Hang on.
Your children are too small to be at the stage where you 'do family stuff' in an easy, let's have fun, let's go out for a Saturday afternoon kind of way.
They are tiny. One is practically a baby at 2. Time spent with them isn't going to be just fun family times, it's hard core parenting. Feeding, changing, taking to loo, holding hands, doing certain things at certain times.
They are also at the stage where yes, they really need you to be around and present all the time as the parent in the home, when they are in your home and not with their mum.

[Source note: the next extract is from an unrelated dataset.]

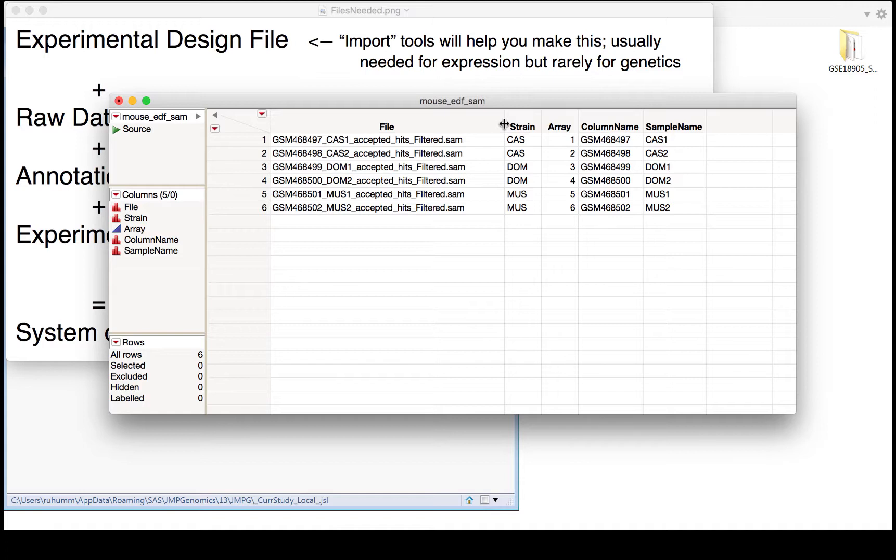The strain is a grouping variable. Array is a required column giving each unique sample a unique ID number. Column name is naming which sample is in each file, and the sample name is a more meaningful label to use to refer to each sample in the analysis output. When you create this file, this experimental design file, be sure to save it as a SAS file type, so a .sas7bdat file extension, so that you don't run into errors later on. It's always a good practice to save this as a SAS file extension.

Ok, you say you don't expect her to do the parenting, but the fact is that just by joining you in day to day stuff when they are there, she has to spend her time parenting by default, because that's what you're doing, and it's kind of exclusive to doing anything else at their ages. And I think when you moved in together you simply assumed that that's what would happen. But that's actually a massive ask. There's a reason that people - usually mums- with young children usually hang out with other mums with kids the same age. You HAVE to do certain things and it's quite difficult to facilitate much else and it's boring and frustrating unless one of said kids is your precious wee thing who you find fascinating. And even then...

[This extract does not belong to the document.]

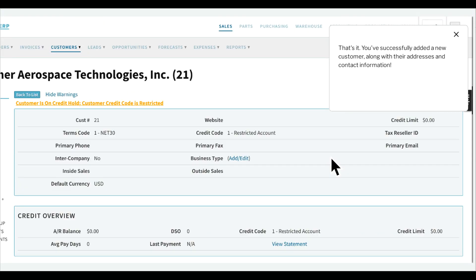That's it! You've successfully added a new customer, along with their addresses and contact information.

You split from your children's mum pretty quickly, possibly even before the youngest was born? I'll be honest, it's great that you're stepping up to parent but I think you honestly expected that simply by starting a new relationship with another female, you would have an adult who would automatically simply fill that 'other parent' gap and just be happy to plop her life into the category assigned for her.
Good that she isn't. Good that she's making space for YOU to parent, alone, first and foremost, so that your tiny children really bond with you, the parent - as they are supposed to. At this age, it would actually be quite shitty parenting if they were always spending that contact time equally with another random adult who isn't their parent. This time is their time with YOU.

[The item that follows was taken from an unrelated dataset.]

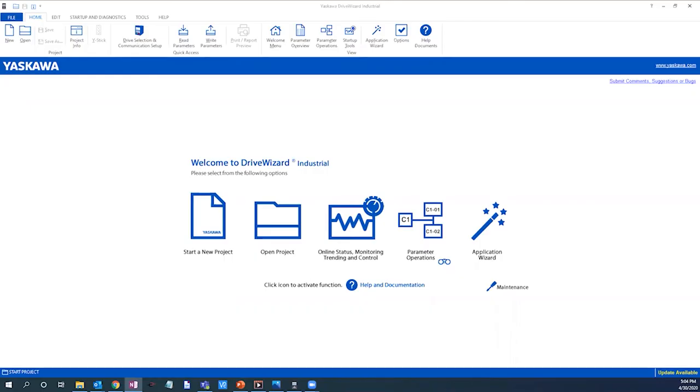Today we are going to go over using Yaskawa Drive Wizard Industrial to create a basic Yaskawa GA800 VFD startup file.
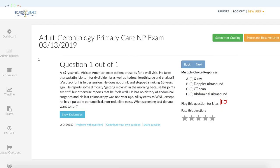A 69-year-old African-American male presents for a well visit. He takes atorvastatin for dyslipidemia. He takes HCTZ and also enalapril for hypertension. He does not drink and he quit smoking 10 years ago. He reports some difficulty getting moving. He has joint stiffness occasionally. Otherwise, he feels well.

As for the sleeping etc... well, this is where you probably both rushed into it. Honestly... it would have been better for you to say 'I'm a dad, right now my life is pretty intensive parenting, that takes priority, maybe living together isn't right yet.' Back to my first point though. I think you thought you were getting a parenting assistant as well as a partner, but - you didn't. And that's fine and has a lot of positives for your children.
I think she's perfectly happy, likes your kids, is happy to share a complex life where you've both got lots of very DIFFERENT commitments, your main one being parenting YOUR children. But she hasn't signed up to co-parenting them, no, and there's no reason why she should.